◆ RECORDS TO USE
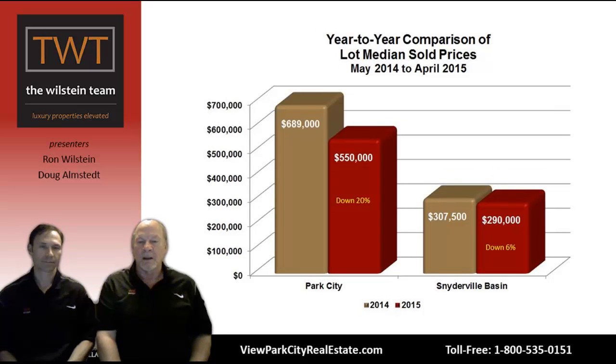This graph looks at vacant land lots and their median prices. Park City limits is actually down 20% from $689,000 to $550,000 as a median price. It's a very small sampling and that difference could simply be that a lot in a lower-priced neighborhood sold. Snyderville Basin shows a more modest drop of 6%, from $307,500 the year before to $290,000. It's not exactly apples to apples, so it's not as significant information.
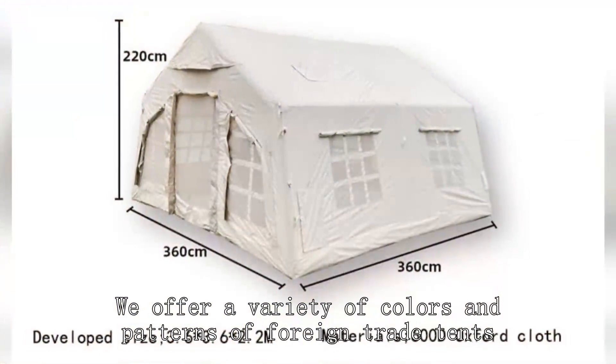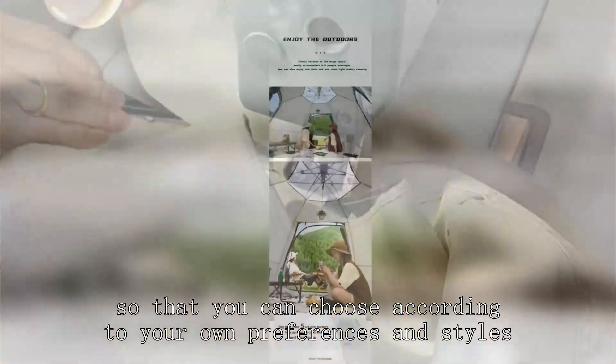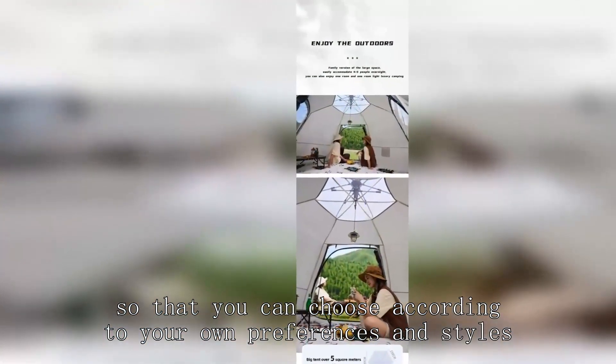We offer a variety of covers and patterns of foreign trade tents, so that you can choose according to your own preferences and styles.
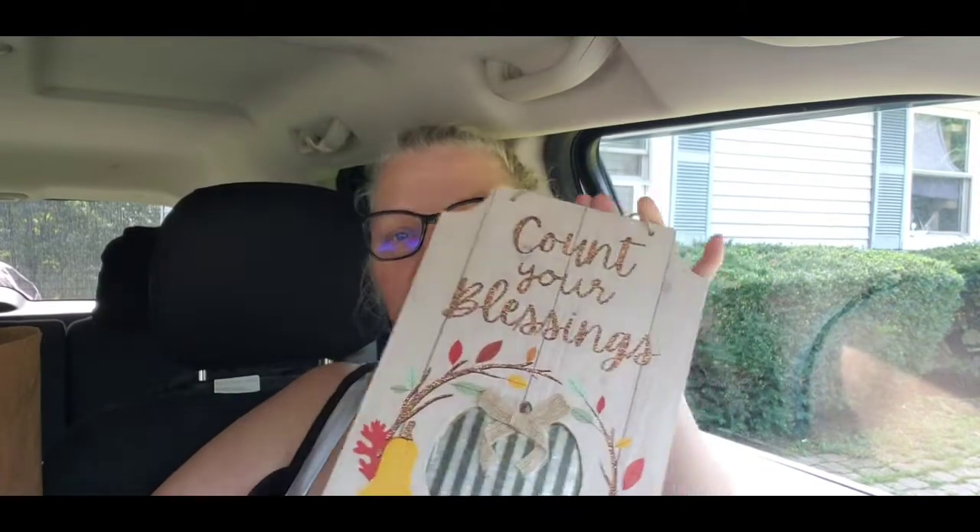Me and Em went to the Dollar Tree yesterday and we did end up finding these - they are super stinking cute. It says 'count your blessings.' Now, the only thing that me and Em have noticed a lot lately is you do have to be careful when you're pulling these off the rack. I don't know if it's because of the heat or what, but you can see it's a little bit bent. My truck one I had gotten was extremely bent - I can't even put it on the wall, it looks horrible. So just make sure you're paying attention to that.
--
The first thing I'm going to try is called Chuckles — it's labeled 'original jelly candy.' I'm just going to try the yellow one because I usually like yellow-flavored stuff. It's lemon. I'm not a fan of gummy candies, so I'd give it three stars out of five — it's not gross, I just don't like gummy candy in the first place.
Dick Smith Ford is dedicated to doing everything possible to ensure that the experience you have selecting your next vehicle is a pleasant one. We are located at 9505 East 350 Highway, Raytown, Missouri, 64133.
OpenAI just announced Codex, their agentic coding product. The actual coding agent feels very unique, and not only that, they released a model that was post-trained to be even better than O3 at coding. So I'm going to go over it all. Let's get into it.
* * *
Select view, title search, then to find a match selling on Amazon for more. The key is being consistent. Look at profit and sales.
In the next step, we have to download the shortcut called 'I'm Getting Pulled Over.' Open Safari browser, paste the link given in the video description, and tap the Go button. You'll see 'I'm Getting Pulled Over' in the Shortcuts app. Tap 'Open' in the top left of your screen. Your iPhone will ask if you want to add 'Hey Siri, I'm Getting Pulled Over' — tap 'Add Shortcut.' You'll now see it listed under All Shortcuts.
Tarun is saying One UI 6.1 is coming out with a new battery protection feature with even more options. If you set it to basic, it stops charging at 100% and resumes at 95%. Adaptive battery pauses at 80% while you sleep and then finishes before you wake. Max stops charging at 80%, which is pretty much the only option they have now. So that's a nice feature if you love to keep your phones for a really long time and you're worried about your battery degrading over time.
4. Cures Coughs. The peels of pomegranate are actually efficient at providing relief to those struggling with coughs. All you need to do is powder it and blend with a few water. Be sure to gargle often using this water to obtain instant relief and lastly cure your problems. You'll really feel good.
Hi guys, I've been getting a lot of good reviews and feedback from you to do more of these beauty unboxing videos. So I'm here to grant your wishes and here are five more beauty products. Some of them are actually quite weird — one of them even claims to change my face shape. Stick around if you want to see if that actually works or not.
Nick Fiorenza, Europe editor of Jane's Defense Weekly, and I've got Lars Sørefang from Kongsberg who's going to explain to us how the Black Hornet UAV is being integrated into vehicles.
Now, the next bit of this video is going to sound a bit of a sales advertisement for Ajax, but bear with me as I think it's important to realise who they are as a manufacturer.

◆ TASK INSTRUCTIONS
Your answer should be the exact lines above from the one with "Select view, title" through the one with "Tarun is saying", both included, and nothing besides.

◆ RESULT OF THE TASK
Select view, title search, then to find a match selling on Amazon for more. The key is being consistent. Look at profit and sales.
In the next step, we have to download the shortcut called 'I'm Getting Pulled Over.' Open Safari browser, paste the link given in the video description, and tap the Go button. You'll see 'I'm Getting Pulled Over' in the Shortcuts app. Tap 'Open' in the top left of your screen. Your iPhone will ask if you want to add 'Hey Siri, I'm Getting Pulled Over' — tap 'Add Shortcut.' You'll now see it listed under All Shortcuts.
Tarun is saying One UI 6.1 is coming out with a new battery protection feature with even more options. If you set it to basic, it stops charging at 100% and resumes at 95%. Adaptive battery pauses at 80% while you sleep and then finishes before you wake. Max stops charging at 80%, which is pretty much the only option they have now. So that's a nice feature if you love to keep your phones for a really long time and you're worried about your battery degrading over time.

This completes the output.